While we considered binary and continuous models in the paper to highlight the advantage the latter may have compared to the former, there is a gradual spectrum from discrete to continuous models. Naively, discrete models with more than two actions can be used to approximate the continuous case, but then learning is slower, because there are many more independent actions to learn. In the reinforcement learning literature46, this problem is remedied with multiple tilings, where each tiling contains a fixed number of tiles that cover the workspace. Having multiple tilings that are shifted with respect to each other introduces neighbourhood relationships where the number of tiles per tiling reflects the width of the neighbourhood. When formulating the Q-learning model in our examples as a discrete tiled agent, we get qualitatively similar results to the continuous agents, however, sometimes there are border effects. Therefore, we decided to use continuous models that more closely reflect the experimental setup, and that can be discretized for visualization.

In all of the games, the continuous Q-learning model trained without additional intrinsic costs tends to spread its probability fairly evenly across the workspace, and shows rather slow learning. The reason is not that Q-learning per se would be too slow to learn, but is rather a consequence of the fitting procedure that determines that the slow learning in that case provides the best fit, as faster learning would produce behavior that deviates from subjects’ behavior even more. However, we found that introducing an intrinsic cost that punishes large deviations from the previous action could alleviate this problem, allowing for more concentrated learning and making the Q-learning model qualitatively the best fit to human behavior. The intrinsic cost can be interpreted as a simple intrinsic cost for motor effort, that is not considered in the payoff function of the game, or it could be the consequence of an intrinsic motor planning cost that favors similar actions. As all our models were initialized with a uniform distribution, such an intrinsic cost could also be thought of as a non-uniform prior that one could use to initialize the models.
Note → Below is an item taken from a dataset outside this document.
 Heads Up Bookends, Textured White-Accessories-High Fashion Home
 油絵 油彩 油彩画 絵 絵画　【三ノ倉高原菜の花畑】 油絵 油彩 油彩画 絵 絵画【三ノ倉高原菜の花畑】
An alternative interpretation would be to conceptualize the minimization of the trial-by-trial deviation as minimizing the information difference between each action and the marginal distribution over actions given by the average behavior. Such an implicit information penalization of action policies can be regarded as a form of bounded rational decision-making, where decision-makers trade off between utility and information costs that are required to achieve a certain level of precision47,48,49. Such information costs have been previously suggested to model costs of motor planning and abstraction50,51. Another form of limited information-processing capability is subjects’ limited sensory precision regarding the perception of force, that we have modeled by assuming Gaussian sensory noise with a magnitude roughly corresponding to ten percent of the maximum force52,53. The assumption of this sensory noise is vital for all the models, as otherwise the simulations predict very fast convergence and steep learning transients that are not observed in human subjects.

Compared to the Q-learning model, the policy gradient learners preferentially converged to strategies involving actions at the extremes, even though average behavior of these models fitted with game-theoretic predictions. This preference for extremes occurs not only for the particular parameterization that we chose (Kumaraswamy or beta-distribution), but also occurs for other parameterizations like the logit-normal model—compare Supplementary Figures 2- 4. While this can only happen when the policy gradient models are initialized uniformly, a non-uniform initialization of these models must assign zero probability to the extremes of the workspace, and therefore trivially avoids this problem. When initialized uniformly, the gradient learners prefer the extreme solutions, as the reward gradient is steepest in this direction. This demonstrates that the choice of learning algorithm imposes a preference on the set of possible equilibrium solutions, that a priori would all be equally acceptable, due to the inherent learning dynamics. We conclude that it is important to study different learning algorithms for understanding sensorimotor interactions, as such behavior cannot be inferred from a game-theoretic analysis alone, that simply focuses on the Nash equilibrium concept. While our study can of course not exclude the possibility that there could be many other learning algorithms that could explain the data equally well or better, it shows also that it is not trivial that the Q-learning with intrinsic costs manages to capture the adaptive behavior of human interactions.

Unlike the abstract concept of the Nash equilibrium solution, reinforcement learning models are deeply rooted in the psychology literature of classical and operant conditioning46 and thereby open up a mechanistic approach to understanding sensorimotor interactions. In the neurosciences there have been numerous attempts to relate these psychological concepts to neuronal mechanisms like spike-timing dependent plasticity and dopaminergic modulation54,55. In human strategic interactions, previous reinforcement learning models have been used to explain, for example, the emergence of dominant strategies56,57,58, conditional cooperation59,60, learning in extensive form games61,62,63, and transfer of reward-predictive representations64,65. The interactions in these studies were mostly based on cognitive strategies that participants could develop, as they were made explicitly aware of the meaning of different choice options. Instead, we have focused on haptic interactions with forces that require implicit learning that can be construed as the minimization of reward prediction error in the context of reinforcement learning66,67.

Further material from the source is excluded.